Lubinski and Benbow believe that women have innate low interest to work, which gives them disadvantage in career. They make an assumption that work time is positively related with success. Because women have less passion for long time work than men, they are underrepresented in the work place. The theory makes me think. Do women have less enthusiasm in long time work? Is longer work time related to larger success possibility? My answers to both questions are No.
How do we define women’s work interest? In the article, two authors simplify it as how many hours people plan to spend on work. It makes sense at the first time. Yet is it a suitable measurement? If we only compare one variable, we need to make sure that other variables have been controlled. But in this experiment many variables exist. Women’s extra labor in family life explains their lower passion for long time work (Mattingly & Blanchi, 2003). Women’s family role inhibits their free time, as they spend more time than men taking care of children. According to research, women’s free time is less than men. So it is convincing that women need less work time to balance their extra work load. The difference is influenced by environment; it is not innate. Moreover, I notice that the mean age of the sample in the article is 33, which makes the result biased. Because their children are at preschool age, women have larger family burden.
Besides women’s heavier family burden, their free time has lower quality. Research shows that women is under more pressure than men during free time (Mattingly & Blanchi, 2003). Because women’s activities are usually around their family, the family role still binds them. We can easily find examples in daily life. In activities such as hiking and family movie night, women still need to take care of the family. Some people call the self-report data into question, arguing that the measurement is biased by different ways individuals report their feelings. But the sample size is big enough (more than 500 people) to eliminate influential bias. So women’s low interest in work is related to low quality of free time.
An economic model explains how child-care program decreases women’s work effort (Heckman, 1974). The assumption is that wage has a positive relation with work passion. Because of child-care program, women’s labor supply is divided. And this task has no money feedback. So child-care task decreases women’s wage ratio relative to the same supply. The financial cut back will decrease women’s work passion. As another evidence, the research also shows that women with low productivity in family tend to be more active in work field. We can conclude that nurturing children hinders women’s interest in work. Again, women’s lower passion in long time work is not innate; it is impacted by external world.
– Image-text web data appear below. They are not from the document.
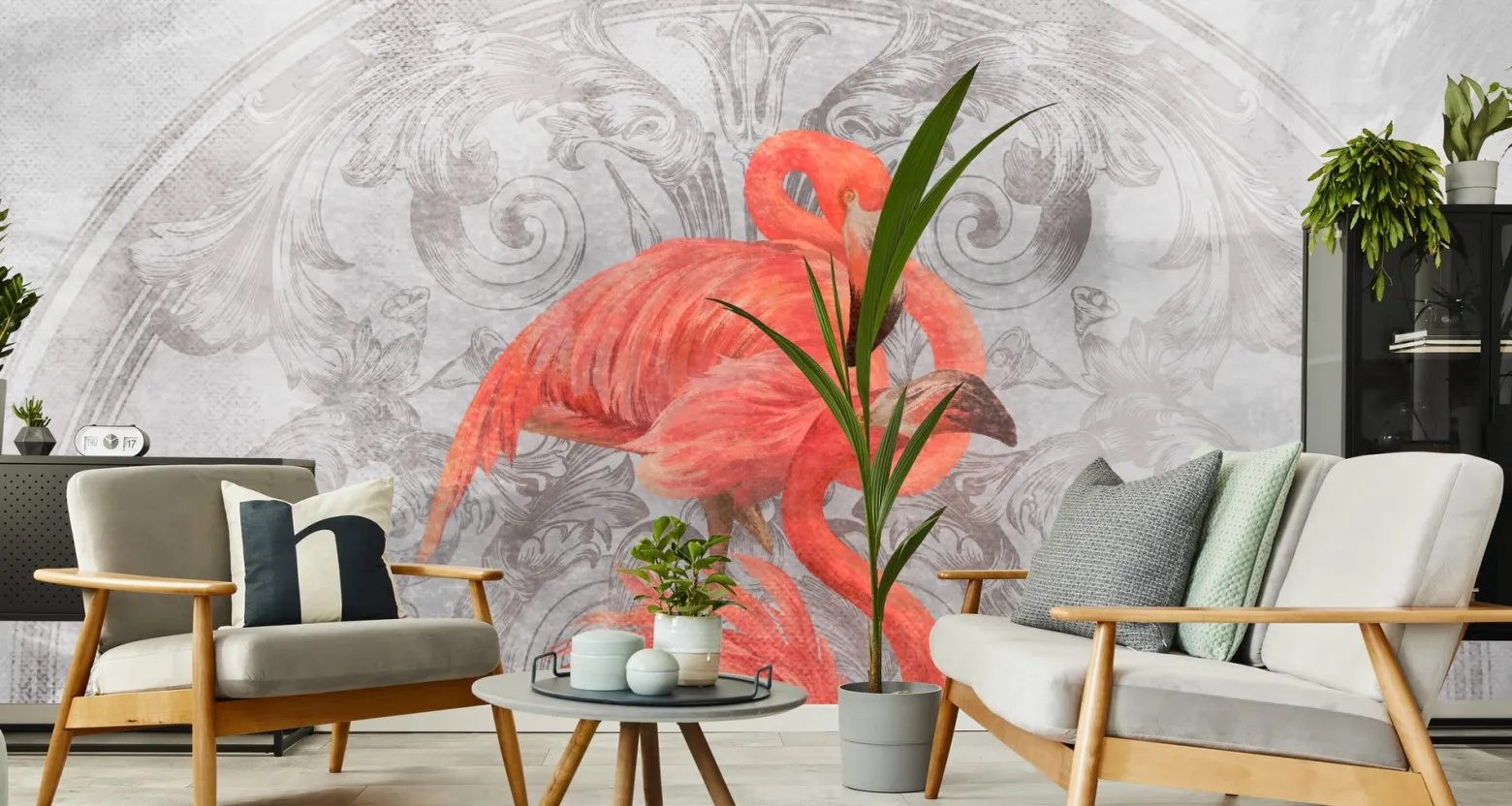 Fototapeta Do Sypialni Flamingi Na Betonie Mural 90x60cm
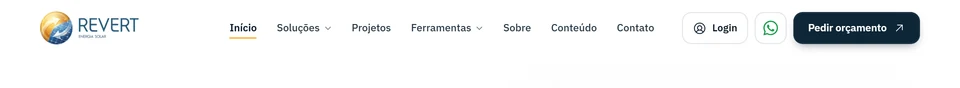 Revert Energia Solar — Cabeçalho do site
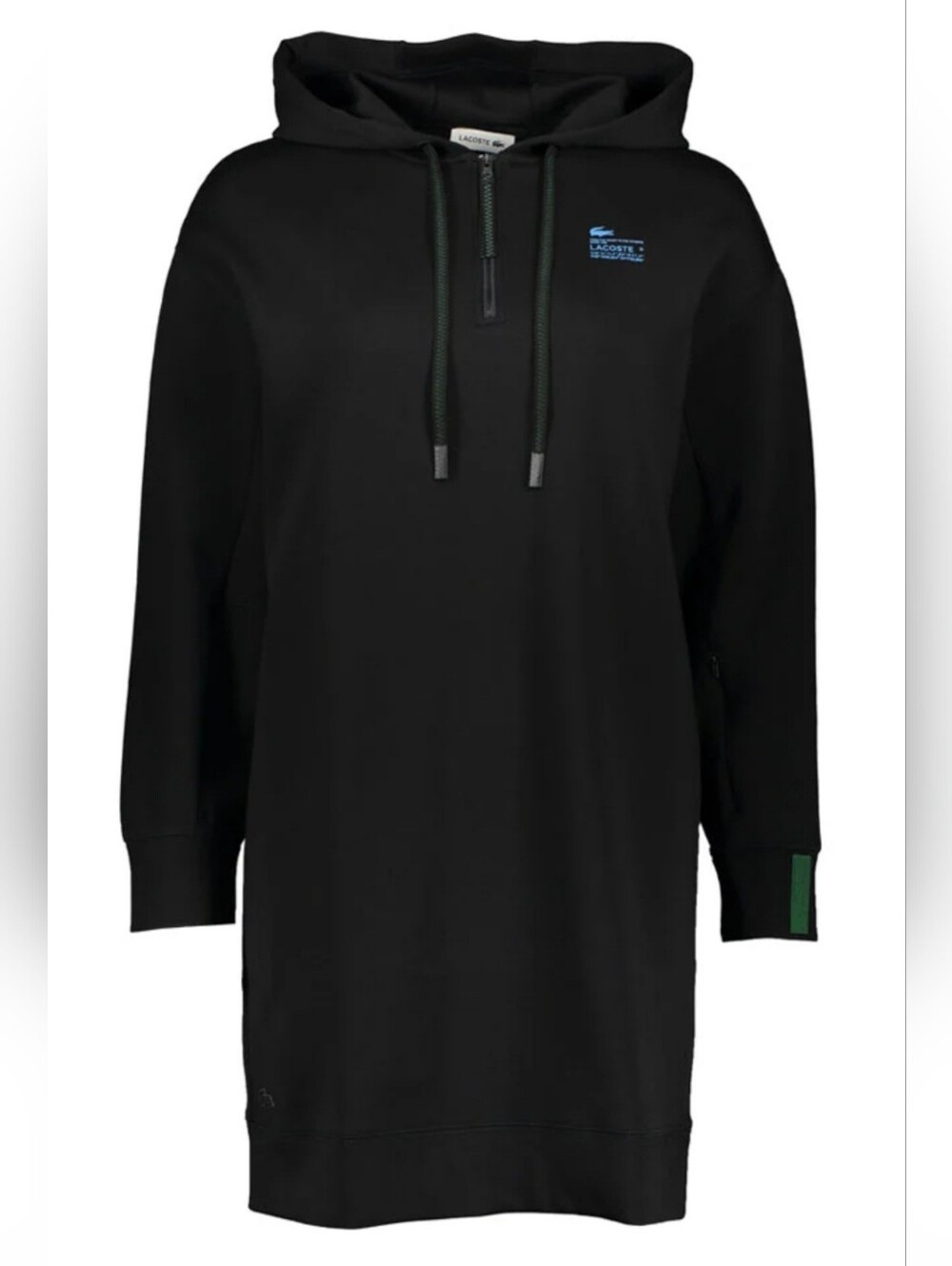Lacoste Black Hoodie Dress with Green Trim and Blue Logo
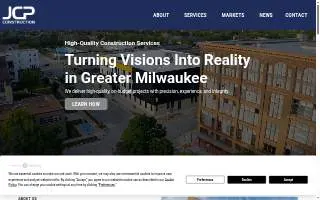 JCP Construction website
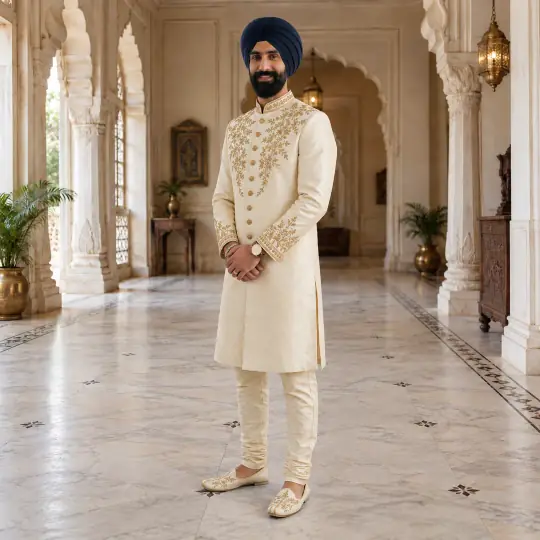 Harpreet, an A Pose Studio model, wearing the sherwani in the Palace Hall scene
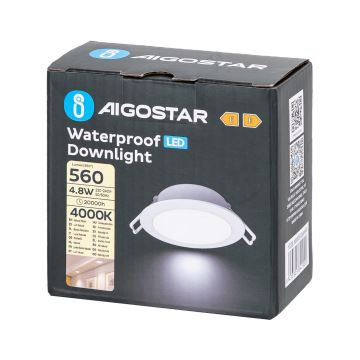 Aigostar - LED Iegremdējama vannas istabas lampa LED/4,8W/230V 4000K balta IP65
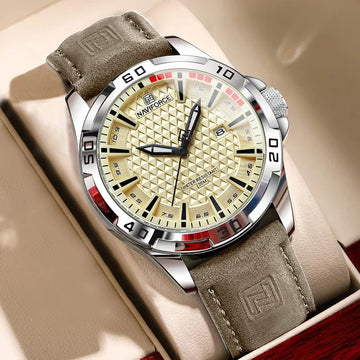 Naviforce Brand Sports Men Watches Leather Band Male 30m Waterproof Military Wristwatch Quartz Date Clock Relogio Masculino 2023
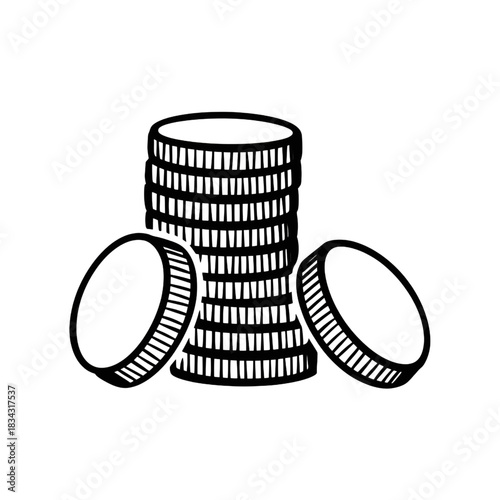 Simple Stack of Coins Money Outline Vector Icon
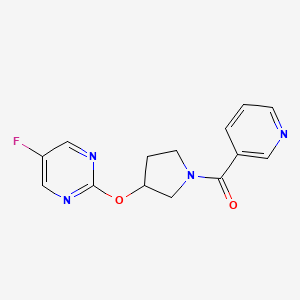 molecular formula C14H13FN4O2 B2567041 (3-((5-Fluoropyrimidin-2-yl)oxy)pyrrolidin-1-yl)(pyridin-3-yl)methanone CAS No. 2034360-13-7
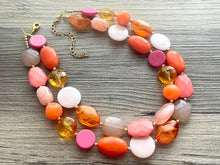 Load image into Gallery viewer, Melon Sherbet Statement Necklace, chunky bib beaded jewelry, neutral jewelry, pink white gold peach painted necklace, beaded acrylic jewelry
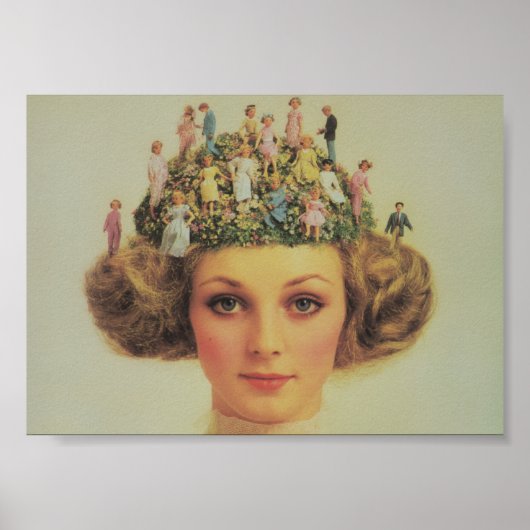 Retro Frauen surreales Haar mit winzigen Menschen Poster (Vorne)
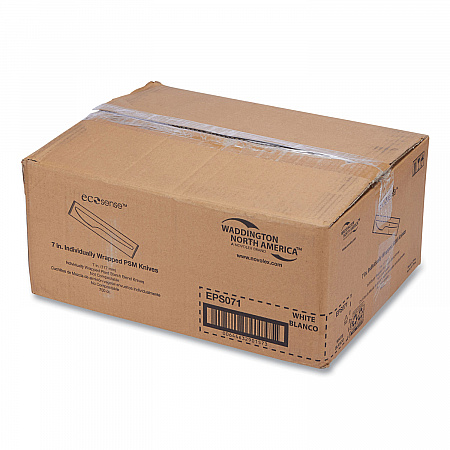EcoSense Renewable Plant Starch Cutlery, Individually Wrapped, Mediumweight Knife, Plastic, Natural, 750/Carton (EPS071)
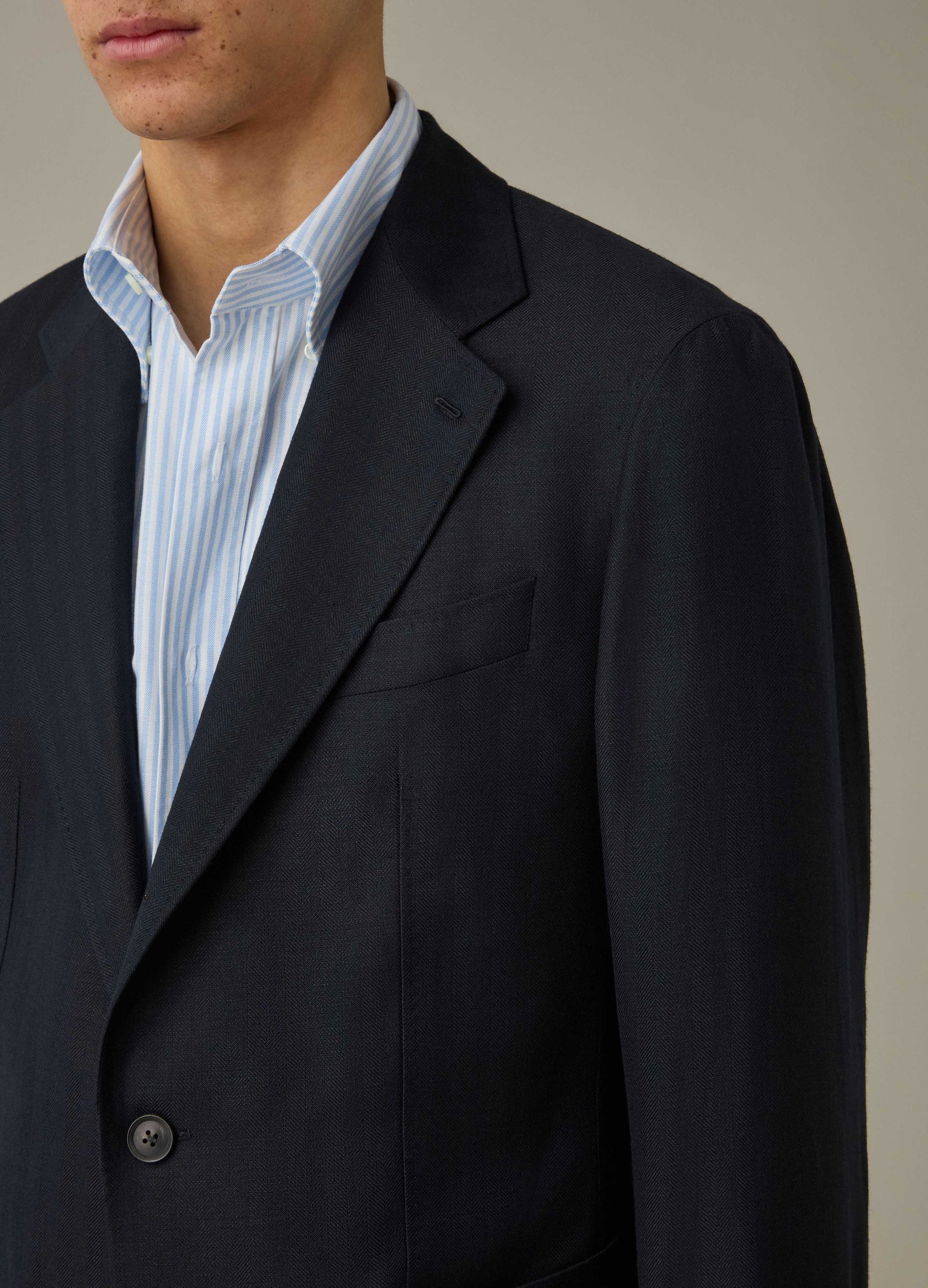 Don Sport Herringbone Jacket - Navy Berg & Berg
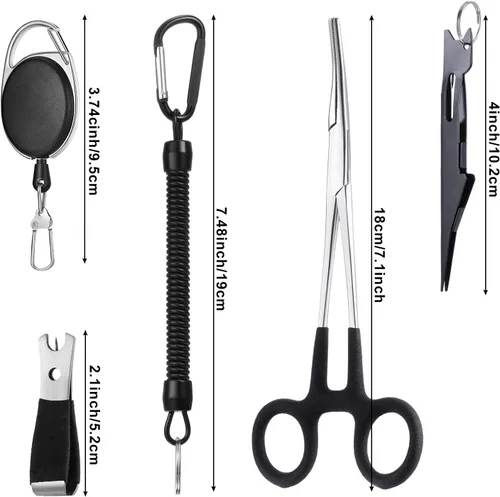 Miniatura 2 de 8 piezas de herramientas de pesca con mosca, accesorios que incluyen 4 en 1 línea de mosca cortadora de nudos negros, línea de pesca, pinza
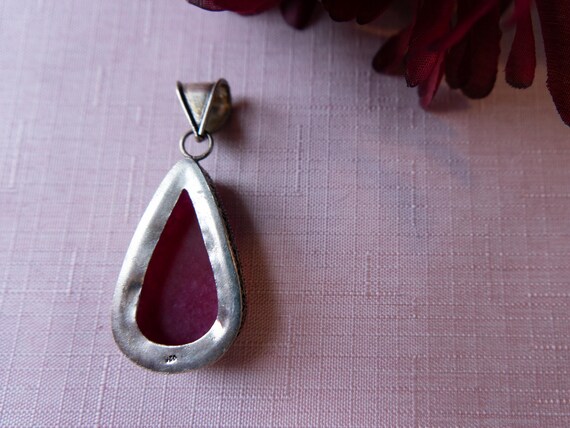 Natural Large Cherry Red Ruby Sterling Silver Orn… - image 6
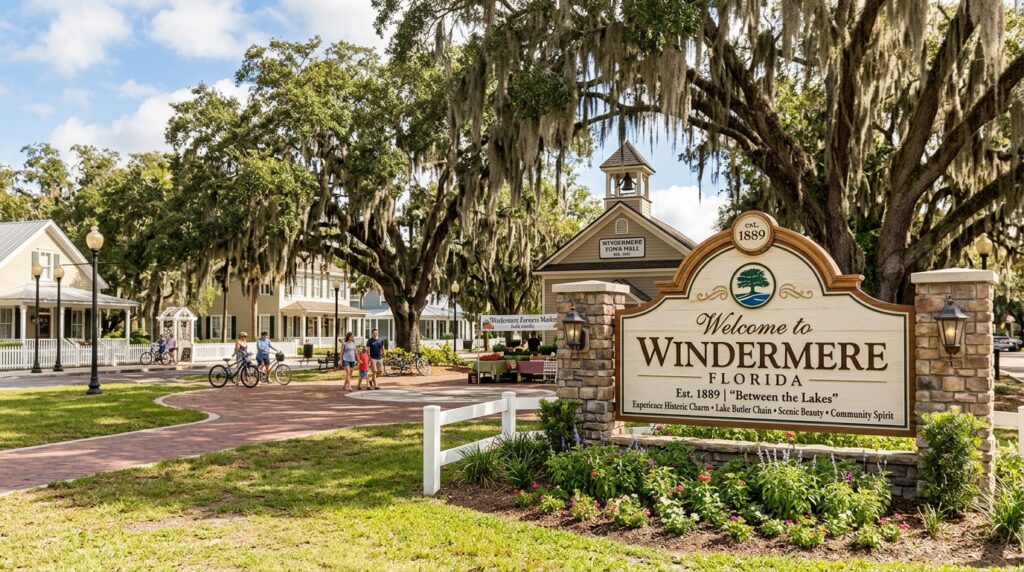 Windermere Town square with Welcome sign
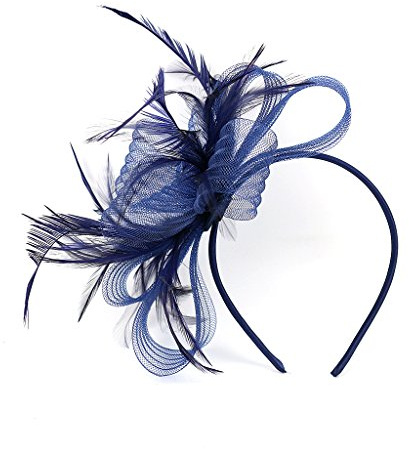 LONTG Fascinator Damen Mädchen Haarspange Feder Blumen Haarklammer Tea Party Kirche Haarreif Hochzeit Brautschleier Vintage Haarschmuck Mesh Stirnband mit Hair Clip für Halloween Fasching Karneval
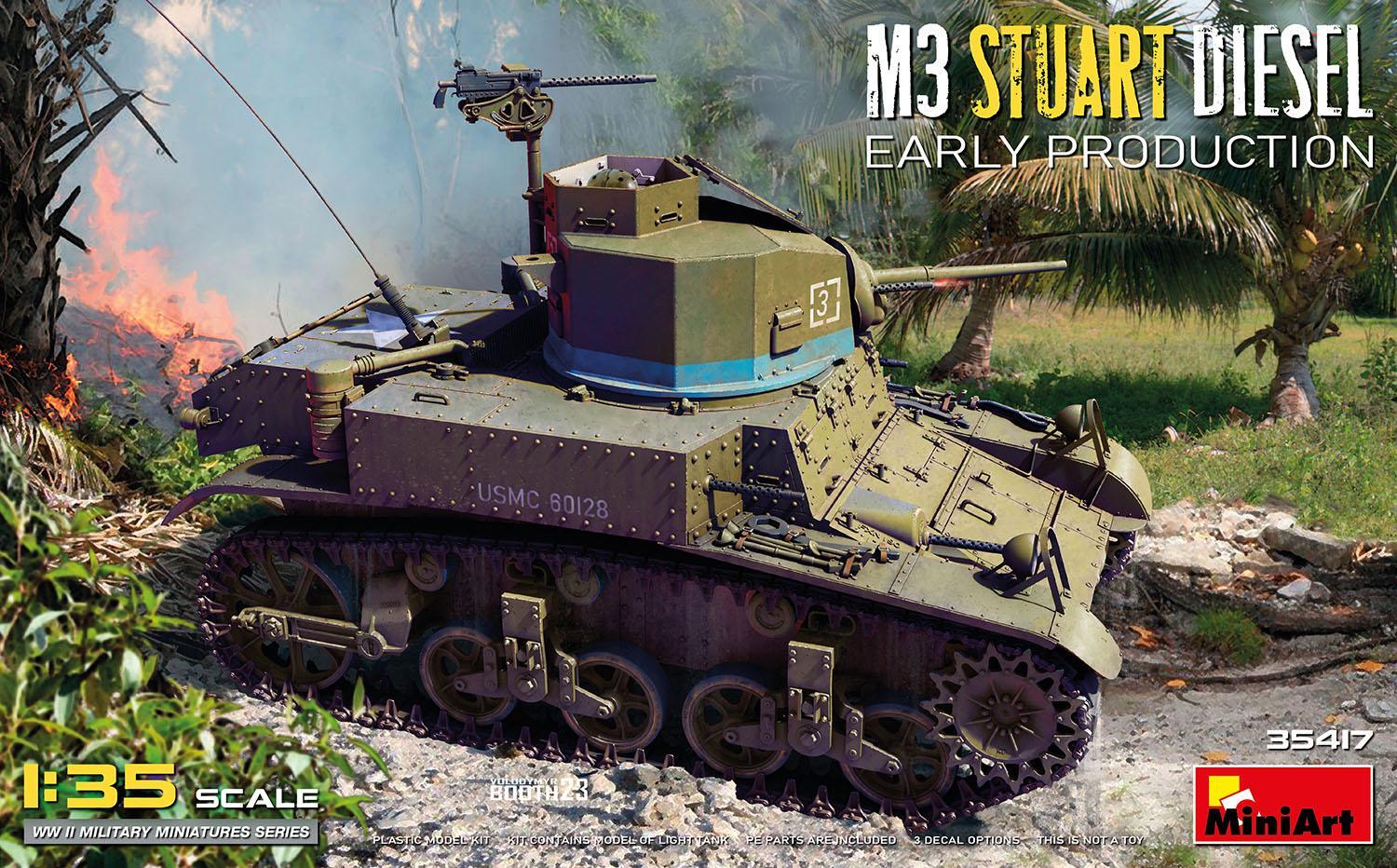 1:35 MINIART M3 Stuart Diesel Early Prod. Kit MA35417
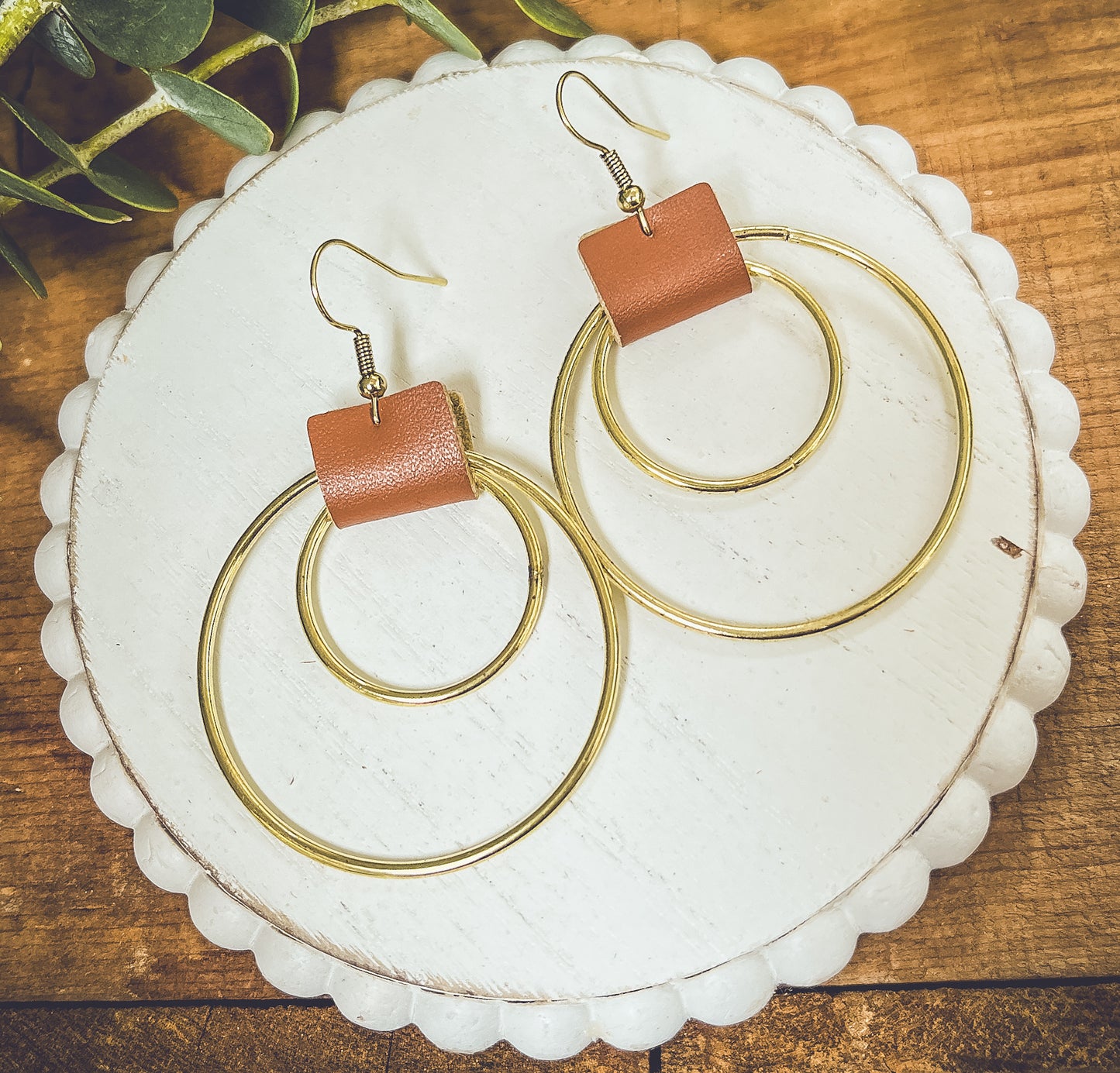 Beautiful Leather Hoop Earrings- Gold or Silver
As for our second question, the authors give a simplified assumption without proof: long time work is related to success. Long work time never equals to success. In contrary, it brings low effectiveness (Golden, 2012). The longer you work, the more productivity you have. But be careful, the productivity growth-rate diminishes. The longer one works, the lower effectiveness he or she has. Long-term overwork also increases risk of health problem and depression. Though in certain situations, the hard work method is beneficial to someone, we adopt the opposite theory because it has universality. We should not simply link work time with success potential. So the logic behind the article is not stable.
In short, women’s lower interest for long time work fails to reflect women’s innate lower interest in career. Women’s vigor is dispersed by family life and the link between work time and success is vague. However, my statement has limitation itself. A perfect experiment about women’s interest may never be done, because extraneous variable always exists. So I am on a safe position to point out unstable statement of the article. A more practical action is to change women’s situation in family. Today, men’s participation rate in house working increases, but equality in nurturing children and house working is still idealistic. New research should focus on how to equally distribute family burden to both genders.
Reference
Lubinski, D. S., & Benbow, C. P. (2007). Sex Differences in Personal Attributes for the Development of Scientific Expertise. American Psychological Association.
Mattingly, M. J., & Blanchi, S. M. (2003). Gender differences in the quantity and quality of free time: The US experience. Social Forces, 81(3), 999-1030.
Golden, L. (2012). The Effects of Working Time on Productivity and Firm Performance, Research Synthesis Paper. International Labor Organization (ILO) Conditions of Work and Employment Series, (33).
Heckman, J. J. (1974). Effects of child-care programs on women’s work effort. In Marriage, Family, Human Capital, and Fertility (pp. 136-169). Journal of Political Economy 82 (2), Part II.